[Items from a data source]
==============================

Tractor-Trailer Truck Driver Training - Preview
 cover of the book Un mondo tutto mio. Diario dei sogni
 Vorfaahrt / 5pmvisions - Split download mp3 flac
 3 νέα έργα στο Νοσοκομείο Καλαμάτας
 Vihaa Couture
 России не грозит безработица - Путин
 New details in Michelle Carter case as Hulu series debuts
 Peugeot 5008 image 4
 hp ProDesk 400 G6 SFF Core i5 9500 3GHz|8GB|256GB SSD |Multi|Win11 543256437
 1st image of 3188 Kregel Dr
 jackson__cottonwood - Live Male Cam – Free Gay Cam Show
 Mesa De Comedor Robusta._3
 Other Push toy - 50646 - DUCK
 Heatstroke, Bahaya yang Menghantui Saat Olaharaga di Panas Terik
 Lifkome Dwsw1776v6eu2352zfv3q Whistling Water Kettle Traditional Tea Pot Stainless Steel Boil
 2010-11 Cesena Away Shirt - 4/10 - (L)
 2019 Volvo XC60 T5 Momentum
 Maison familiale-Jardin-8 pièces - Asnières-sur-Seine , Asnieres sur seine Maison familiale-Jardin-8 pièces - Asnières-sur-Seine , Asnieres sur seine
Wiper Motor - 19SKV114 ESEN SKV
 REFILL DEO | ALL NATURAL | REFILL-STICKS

==============================

(Exercise directions)
Return the data in full, with each line kept exactly as it is.

(Exercise response)
Tractor-Trailer Truck Driver Training - Preview
 cover of the book Un mondo tutto mio. Diario dei sogni
 Vorfaahrt / 5pmvisions - Split download mp3 flac
 3 νέα έργα στο Νοσοκομείο Καλαμάτας
 Vihaa Couture
 России не грозит безработица - Путин
 New details in Michelle Carter case as Hulu series debuts
 Peugeot 5008 image 4
 hp ProDesk 400 G6 SFF Core i5 9500 3GHz|8GB|256GB SSD |Multi|Win11 543256437
 1st image of 3188 Kregel Dr
 jackson__cottonwood - Live Male Cam – Free Gay Cam Show
 Mesa De Comedor Robusta._3
 Other Push toy - 50646 - DUCK
 Heatstroke, Bahaya yang Menghantui Saat Olaharaga di Panas Terik
 Lifkome Dwsw1776v6eu2352zfv3q Whistling Water Kettle Traditional Tea Pot Stainless Steel Boil
 2010-11 Cesena Away Shirt - 4/10 - (L)
 2019 Volvo XC60 T5 Momentum
 Maison familiale-Jardin-8 pièces - Asnières-sur-Seine , Asnieres sur seine Maison familiale-Jardin-8 pièces - Asnières-sur-Seine , Asnieres sur seine
Wiper Motor - 19SKV114 ESEN SKV
 REFILL DEO | ALL NATURAL | REFILL-STICKS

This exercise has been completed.